The jury deliberated for nearly seven hours and convicted the 40-year-old nightclub owner of sexually assaulting a then 22-year-old friend in July 2016 after a night of drinking and hot tubbing at Anderson’s home. The jury decided the victim did not consent when Anderson had sex with the man in a spare bedroom after the victim got drunk and blacked out.

“I can only speculate as to what was going through the jurors’ minds, but you’d have to be blind not to acknowledge it’s (sexual assault) certainly something that’s in the public's consciousness right now,” defence lawyer Brad Mitchell said after the decision.

There were 95 sexual assault convictions in Saskatchewan in 2015 and 2016, according to Statistics Canada.

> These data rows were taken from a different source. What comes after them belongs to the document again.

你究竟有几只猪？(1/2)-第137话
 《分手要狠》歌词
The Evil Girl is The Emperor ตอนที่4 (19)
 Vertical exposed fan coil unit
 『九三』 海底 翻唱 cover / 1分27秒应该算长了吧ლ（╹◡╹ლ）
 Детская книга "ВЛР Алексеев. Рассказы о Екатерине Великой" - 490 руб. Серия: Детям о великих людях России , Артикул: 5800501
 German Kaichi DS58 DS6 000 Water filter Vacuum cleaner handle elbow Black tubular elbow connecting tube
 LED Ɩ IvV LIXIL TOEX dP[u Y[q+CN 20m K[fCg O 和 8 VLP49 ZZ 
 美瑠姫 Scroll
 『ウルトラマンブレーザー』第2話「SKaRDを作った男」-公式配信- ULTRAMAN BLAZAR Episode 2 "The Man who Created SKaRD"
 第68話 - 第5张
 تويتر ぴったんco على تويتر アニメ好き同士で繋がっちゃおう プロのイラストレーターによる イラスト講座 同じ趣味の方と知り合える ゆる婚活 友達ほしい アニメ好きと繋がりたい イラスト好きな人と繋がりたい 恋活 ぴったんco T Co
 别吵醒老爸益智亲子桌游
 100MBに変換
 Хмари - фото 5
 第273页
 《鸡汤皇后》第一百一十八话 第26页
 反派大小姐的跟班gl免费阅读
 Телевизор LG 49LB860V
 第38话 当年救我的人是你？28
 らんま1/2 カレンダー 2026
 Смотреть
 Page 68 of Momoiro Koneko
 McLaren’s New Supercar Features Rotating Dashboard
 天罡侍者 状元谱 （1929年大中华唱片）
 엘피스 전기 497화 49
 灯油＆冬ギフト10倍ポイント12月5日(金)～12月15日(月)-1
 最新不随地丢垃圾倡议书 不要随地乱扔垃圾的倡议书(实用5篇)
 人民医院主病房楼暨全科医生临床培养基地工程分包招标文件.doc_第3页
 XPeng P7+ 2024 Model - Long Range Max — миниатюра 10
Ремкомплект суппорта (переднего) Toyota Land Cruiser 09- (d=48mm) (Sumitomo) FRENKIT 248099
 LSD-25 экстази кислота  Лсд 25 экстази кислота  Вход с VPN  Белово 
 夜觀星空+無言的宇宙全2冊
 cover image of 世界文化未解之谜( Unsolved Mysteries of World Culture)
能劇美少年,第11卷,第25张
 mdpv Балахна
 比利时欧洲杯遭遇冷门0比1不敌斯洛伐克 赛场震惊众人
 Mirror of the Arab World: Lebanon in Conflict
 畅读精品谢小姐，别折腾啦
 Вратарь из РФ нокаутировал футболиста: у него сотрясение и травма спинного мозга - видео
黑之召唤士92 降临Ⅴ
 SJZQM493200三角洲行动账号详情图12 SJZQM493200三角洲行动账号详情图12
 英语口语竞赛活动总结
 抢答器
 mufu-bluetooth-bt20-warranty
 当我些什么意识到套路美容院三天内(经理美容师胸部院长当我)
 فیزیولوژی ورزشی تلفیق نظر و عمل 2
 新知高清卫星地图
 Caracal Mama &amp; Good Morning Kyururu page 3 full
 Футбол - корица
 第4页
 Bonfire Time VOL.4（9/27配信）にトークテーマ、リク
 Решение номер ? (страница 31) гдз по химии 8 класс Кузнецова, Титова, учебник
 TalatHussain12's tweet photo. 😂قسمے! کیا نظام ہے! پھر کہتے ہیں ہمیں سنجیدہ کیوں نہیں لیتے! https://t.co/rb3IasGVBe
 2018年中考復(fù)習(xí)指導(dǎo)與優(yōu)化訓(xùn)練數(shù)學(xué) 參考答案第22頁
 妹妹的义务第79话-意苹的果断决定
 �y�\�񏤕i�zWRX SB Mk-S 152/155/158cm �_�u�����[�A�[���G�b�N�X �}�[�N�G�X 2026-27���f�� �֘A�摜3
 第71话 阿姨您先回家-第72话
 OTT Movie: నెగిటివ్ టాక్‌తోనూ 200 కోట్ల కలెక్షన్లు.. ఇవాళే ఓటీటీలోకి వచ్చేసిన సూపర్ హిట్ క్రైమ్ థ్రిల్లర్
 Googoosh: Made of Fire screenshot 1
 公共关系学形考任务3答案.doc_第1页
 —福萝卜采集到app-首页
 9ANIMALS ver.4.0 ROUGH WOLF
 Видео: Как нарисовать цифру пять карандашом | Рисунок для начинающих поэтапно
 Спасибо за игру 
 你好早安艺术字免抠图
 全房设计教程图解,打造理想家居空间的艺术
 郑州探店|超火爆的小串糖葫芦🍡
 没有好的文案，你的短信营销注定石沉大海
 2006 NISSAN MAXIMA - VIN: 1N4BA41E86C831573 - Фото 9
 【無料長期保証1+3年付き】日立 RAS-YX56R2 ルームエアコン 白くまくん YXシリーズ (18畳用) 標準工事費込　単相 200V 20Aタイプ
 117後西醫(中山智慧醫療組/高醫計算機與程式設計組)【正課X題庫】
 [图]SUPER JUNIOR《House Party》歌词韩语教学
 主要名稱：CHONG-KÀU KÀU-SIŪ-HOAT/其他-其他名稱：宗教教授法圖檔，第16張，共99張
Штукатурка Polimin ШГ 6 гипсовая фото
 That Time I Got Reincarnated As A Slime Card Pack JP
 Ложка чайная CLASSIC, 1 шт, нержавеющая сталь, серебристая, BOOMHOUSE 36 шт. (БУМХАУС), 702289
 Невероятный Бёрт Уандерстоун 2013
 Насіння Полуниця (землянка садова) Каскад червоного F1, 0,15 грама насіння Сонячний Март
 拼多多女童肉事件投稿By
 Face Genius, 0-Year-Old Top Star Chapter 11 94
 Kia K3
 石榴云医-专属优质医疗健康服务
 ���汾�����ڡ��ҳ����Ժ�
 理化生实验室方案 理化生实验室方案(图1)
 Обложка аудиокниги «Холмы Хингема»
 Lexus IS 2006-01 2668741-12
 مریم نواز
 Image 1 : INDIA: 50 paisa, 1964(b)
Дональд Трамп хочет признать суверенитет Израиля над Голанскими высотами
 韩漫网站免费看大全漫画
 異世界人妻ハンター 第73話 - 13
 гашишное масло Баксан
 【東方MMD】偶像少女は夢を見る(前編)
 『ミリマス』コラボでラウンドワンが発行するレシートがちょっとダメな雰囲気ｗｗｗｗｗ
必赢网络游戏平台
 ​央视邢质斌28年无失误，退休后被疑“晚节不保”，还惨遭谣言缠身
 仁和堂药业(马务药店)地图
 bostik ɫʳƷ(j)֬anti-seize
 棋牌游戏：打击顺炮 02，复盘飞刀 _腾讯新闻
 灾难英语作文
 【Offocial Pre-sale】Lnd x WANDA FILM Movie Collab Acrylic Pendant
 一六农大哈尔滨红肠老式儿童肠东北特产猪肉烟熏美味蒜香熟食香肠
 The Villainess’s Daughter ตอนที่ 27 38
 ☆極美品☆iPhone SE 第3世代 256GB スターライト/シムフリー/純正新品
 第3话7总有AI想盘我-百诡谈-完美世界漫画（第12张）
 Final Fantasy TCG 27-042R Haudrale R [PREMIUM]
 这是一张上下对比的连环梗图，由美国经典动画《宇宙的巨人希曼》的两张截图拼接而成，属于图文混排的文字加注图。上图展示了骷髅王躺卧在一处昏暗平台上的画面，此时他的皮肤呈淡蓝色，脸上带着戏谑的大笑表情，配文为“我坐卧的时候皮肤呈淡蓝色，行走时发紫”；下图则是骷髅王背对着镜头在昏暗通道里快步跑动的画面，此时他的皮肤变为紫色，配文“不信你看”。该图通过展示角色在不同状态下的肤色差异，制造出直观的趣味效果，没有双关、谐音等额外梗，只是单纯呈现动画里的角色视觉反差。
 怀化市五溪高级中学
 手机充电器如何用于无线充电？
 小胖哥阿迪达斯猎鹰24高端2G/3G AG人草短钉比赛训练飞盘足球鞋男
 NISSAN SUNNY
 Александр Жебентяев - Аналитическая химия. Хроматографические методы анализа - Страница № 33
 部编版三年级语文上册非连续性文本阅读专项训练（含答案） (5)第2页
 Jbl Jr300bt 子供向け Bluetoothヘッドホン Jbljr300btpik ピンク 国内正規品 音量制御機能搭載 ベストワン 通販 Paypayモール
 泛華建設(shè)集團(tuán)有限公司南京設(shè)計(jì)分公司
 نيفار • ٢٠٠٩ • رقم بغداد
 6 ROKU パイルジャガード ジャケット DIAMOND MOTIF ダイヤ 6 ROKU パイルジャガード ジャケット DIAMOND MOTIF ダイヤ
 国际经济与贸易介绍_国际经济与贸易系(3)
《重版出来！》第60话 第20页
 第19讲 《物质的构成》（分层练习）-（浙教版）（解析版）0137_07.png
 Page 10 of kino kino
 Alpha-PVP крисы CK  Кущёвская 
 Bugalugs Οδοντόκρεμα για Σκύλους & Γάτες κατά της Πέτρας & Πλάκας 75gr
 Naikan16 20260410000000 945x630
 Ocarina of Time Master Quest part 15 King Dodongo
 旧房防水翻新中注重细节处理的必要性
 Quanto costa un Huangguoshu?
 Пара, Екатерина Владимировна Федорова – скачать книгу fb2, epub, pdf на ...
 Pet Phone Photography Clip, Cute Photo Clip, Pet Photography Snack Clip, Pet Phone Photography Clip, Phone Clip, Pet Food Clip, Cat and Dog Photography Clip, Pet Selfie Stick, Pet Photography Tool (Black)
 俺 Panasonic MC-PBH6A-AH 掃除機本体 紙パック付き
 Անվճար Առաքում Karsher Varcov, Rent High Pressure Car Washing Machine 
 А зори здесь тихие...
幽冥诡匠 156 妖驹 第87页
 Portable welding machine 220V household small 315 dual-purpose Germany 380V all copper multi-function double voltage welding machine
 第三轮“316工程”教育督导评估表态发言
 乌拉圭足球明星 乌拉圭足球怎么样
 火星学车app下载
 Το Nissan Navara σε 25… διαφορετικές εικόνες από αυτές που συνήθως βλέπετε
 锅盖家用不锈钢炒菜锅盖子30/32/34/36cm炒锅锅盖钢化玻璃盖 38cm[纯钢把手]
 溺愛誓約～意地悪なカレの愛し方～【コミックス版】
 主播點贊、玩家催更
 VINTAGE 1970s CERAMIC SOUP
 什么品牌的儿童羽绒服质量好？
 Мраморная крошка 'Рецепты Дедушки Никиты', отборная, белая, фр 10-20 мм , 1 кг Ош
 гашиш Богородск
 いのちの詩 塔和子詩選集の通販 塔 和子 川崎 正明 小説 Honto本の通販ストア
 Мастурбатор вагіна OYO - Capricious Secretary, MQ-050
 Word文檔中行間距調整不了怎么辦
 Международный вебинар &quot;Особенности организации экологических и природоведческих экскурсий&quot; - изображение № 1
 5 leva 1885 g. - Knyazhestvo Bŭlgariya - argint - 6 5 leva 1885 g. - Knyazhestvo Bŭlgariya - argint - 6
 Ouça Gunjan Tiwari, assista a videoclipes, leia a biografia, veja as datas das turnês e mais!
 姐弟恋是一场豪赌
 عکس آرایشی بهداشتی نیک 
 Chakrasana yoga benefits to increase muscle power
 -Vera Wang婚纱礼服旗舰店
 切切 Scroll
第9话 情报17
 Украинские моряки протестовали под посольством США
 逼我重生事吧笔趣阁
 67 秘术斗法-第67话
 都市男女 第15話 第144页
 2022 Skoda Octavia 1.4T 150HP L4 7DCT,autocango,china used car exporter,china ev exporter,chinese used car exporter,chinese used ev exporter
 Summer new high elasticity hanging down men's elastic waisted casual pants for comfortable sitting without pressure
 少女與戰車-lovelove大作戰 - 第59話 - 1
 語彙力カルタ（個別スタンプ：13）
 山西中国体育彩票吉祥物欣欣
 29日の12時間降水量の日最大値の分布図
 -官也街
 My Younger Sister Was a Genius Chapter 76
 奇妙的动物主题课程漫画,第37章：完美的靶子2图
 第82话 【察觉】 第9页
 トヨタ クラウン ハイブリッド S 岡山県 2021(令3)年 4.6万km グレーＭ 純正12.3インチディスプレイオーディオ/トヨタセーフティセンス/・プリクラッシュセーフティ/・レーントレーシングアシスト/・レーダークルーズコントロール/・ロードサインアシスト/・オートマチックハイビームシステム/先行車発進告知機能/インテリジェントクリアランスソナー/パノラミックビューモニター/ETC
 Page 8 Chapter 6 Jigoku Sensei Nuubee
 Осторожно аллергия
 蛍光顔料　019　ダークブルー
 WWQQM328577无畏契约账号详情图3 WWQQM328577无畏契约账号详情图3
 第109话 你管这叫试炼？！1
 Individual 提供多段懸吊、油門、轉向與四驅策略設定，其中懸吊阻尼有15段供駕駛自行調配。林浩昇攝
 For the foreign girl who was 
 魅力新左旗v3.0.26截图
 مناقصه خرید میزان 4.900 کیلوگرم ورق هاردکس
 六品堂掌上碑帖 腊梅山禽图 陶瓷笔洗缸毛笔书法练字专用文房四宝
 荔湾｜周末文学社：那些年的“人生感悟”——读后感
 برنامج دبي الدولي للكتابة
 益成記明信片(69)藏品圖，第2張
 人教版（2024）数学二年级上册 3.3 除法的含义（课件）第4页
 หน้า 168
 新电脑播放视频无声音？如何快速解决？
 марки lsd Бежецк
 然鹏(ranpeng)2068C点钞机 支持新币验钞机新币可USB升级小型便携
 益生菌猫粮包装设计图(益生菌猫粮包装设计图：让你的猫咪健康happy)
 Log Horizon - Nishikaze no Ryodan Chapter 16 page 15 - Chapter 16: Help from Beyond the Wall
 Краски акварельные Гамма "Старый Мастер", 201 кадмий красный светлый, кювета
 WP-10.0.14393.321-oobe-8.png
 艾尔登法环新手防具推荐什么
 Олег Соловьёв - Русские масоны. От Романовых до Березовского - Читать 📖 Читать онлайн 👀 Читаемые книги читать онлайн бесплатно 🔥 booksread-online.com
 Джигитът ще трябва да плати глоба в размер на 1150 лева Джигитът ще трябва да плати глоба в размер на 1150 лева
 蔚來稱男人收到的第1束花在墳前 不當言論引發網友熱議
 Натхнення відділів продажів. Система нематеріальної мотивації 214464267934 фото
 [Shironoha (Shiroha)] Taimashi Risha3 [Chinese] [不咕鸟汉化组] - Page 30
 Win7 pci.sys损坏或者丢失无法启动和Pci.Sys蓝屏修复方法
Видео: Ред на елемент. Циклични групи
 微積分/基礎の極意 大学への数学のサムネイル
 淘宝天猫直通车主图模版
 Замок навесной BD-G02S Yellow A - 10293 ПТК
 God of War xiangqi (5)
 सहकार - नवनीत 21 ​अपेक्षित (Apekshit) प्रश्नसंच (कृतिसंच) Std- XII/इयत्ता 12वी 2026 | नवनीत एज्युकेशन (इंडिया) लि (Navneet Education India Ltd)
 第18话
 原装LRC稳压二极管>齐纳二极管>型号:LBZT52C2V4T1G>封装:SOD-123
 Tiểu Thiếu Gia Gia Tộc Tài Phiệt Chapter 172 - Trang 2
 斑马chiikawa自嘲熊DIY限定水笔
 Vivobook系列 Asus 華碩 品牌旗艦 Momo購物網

There are no comparable numbers for total cases at that time, but the agency says between 2009 and 2014, 55 per cent of sexual assaults in Canada led to a conviction. Some Saskatoon lawyers say when it comes to sexual assault trials, a conviction is rare.

Rock said dealing with police and going through the court process has a “profound” impact on sex assault victims. It’s also difficult for victims to follow through with a complaint.

“The pressure is extraordinary. The speculation that’s put on that person’s actions is profound. It affects them in so many ways,” Rock said.

Rock called the victim in the case brave and strong and she said she’s pleased his voice could be heard.

“I’m hopeful that his experience will allow other people who experienced sexual violence to come forward,” she said.

Rock said sentences for major sexual assault cases begin at three years, but she and Mitchell wouldn’t indicate what sentence they would be arguing for.

Mitchell argued for Justice Ron Mills to grant Anderson a limited amount of time, under strict conditions, to make arrangements for the ownership of Pink Lounge and Nightclub before he be taken into custody. Mills denied the request and Anderson is scheduled back in court on March 6 for sentencing arguments.